Last weekend in Nashville, a Metro Nashville Police officer stopped to pose for a photo with the Valhalla crew, who have prominently been involved in some of the most recent major street takeovers across Nashville. Around the same time as the impromptu photo shoot with members whose hoodies read “Fuck Metro PD” across the back, an officer gave chase to a street racer, but his patrol car wasn’t able to catch up. As the car sported a fake license plate, there was no immediate way to trace the vehicle to its owner, although Scoop: Nashville confirmed the driver later swapped their license plate and rims before police knocked on their door, making the car hard to confirm, and no arrest was made.

Neighbors in Antioch, who already have response times in the hours for calls to police on the weekend, say they get no relief even if they call to report the illegal street racing and shutdowns.

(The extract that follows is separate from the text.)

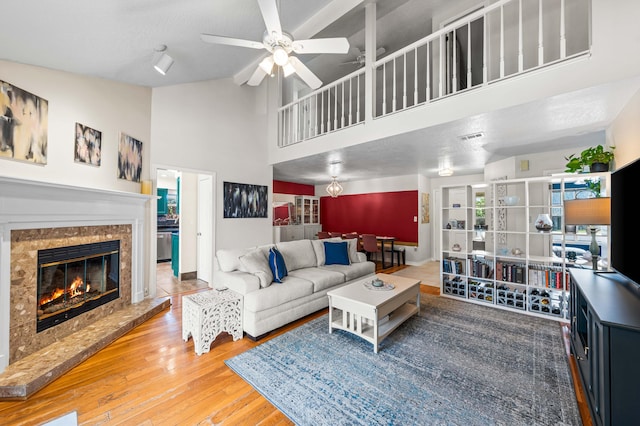 living room featuring a fireplace, high vaulted ceiling, ceiling fan, and wood-type flooring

The street racers (a term coined by MNPD, they do not embrace that name for themselves) have successfully shut down intersections across Nashville with almost no enforcement. Even when the police arrive at their meets and side shows before the takeovers, they are outnumbered by at least 100:1, so enforcement is basically catching the last couple of cars as they leave so they can make a social media push about how they arrested a “street racer,” which is only for show, and does nothing to appease frustrated neighbors who deal with the noise until the early hours of the morning.

Previously, Metro Nashville Police escorted ATVs through intersections during takeovers, to avoid any escalation or safety issues, making a handful of minor arrests, which were later dismissed. In a 2019 Highway shutdown, they were powerless to do anything but watch as hundreds of cars dispersed throughout the city.

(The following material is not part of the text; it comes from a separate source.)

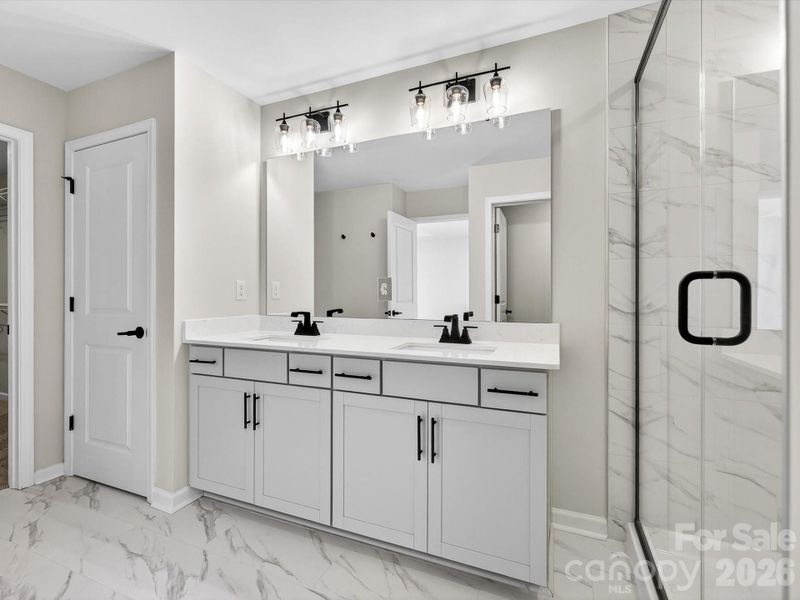 Owners bathroom with Dual vanity soft close doors & drawers, tiled shower with bench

The “friendly” response is nothing new for Metro Nashville Police. In 2014, about 450 people marched through downtown Nashville in solidarity with Ferguson, Mo., blocking streets and interstates. The police department brought them hot chocolate as they shut down traffic on a major interstate.

More meets, sideshows, and street takeovers are planned in the coming weeks, according to multiple groups who routinely participate in the events.